Where does the word "Building" show up in the data? Please find each such line and copy it.

◆ **DATA FOR THE TASK**:
···

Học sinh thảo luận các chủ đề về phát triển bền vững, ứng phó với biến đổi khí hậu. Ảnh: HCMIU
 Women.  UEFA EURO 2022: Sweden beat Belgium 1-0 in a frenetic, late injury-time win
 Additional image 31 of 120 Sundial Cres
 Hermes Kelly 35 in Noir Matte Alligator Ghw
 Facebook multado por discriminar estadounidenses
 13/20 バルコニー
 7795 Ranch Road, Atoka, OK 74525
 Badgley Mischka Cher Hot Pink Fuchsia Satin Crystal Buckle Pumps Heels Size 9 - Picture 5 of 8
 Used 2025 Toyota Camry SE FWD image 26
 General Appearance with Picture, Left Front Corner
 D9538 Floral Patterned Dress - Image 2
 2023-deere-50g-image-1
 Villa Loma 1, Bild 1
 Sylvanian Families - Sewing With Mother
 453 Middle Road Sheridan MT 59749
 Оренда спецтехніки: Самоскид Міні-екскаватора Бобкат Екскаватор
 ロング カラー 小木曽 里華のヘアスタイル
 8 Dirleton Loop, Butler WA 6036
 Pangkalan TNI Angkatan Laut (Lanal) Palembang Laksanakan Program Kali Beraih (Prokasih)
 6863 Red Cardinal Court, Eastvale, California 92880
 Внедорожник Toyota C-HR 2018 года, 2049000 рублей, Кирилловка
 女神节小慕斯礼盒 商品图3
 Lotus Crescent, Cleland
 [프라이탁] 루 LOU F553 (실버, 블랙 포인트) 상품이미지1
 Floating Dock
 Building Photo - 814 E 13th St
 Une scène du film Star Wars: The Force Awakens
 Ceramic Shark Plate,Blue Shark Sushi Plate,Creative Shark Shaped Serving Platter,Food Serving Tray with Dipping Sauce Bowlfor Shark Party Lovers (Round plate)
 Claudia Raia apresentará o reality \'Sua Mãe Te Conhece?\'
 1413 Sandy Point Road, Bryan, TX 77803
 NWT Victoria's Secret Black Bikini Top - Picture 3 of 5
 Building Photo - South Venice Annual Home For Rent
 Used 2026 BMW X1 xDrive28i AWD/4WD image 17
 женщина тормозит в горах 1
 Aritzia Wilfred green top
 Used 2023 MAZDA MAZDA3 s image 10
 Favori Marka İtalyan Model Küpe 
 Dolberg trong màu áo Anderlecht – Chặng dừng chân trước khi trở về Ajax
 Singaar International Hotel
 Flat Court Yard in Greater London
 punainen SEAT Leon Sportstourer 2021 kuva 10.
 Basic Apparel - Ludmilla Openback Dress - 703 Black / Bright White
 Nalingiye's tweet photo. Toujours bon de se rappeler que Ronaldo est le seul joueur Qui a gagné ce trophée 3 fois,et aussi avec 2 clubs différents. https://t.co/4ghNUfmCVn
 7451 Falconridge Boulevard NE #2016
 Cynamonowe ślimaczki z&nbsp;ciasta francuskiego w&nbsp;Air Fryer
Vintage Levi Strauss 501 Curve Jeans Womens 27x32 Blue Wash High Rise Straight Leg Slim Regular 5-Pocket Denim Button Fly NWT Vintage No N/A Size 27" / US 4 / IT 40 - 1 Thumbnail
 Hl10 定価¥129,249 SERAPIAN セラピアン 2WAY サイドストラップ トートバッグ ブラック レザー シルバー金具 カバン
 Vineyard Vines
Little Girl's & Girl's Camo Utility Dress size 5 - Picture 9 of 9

···

◆ **ANSWER TO THIS TASK**:
 Building Photo - 814 E 13th St
 Building Photo - South Venice Annual Home For Rent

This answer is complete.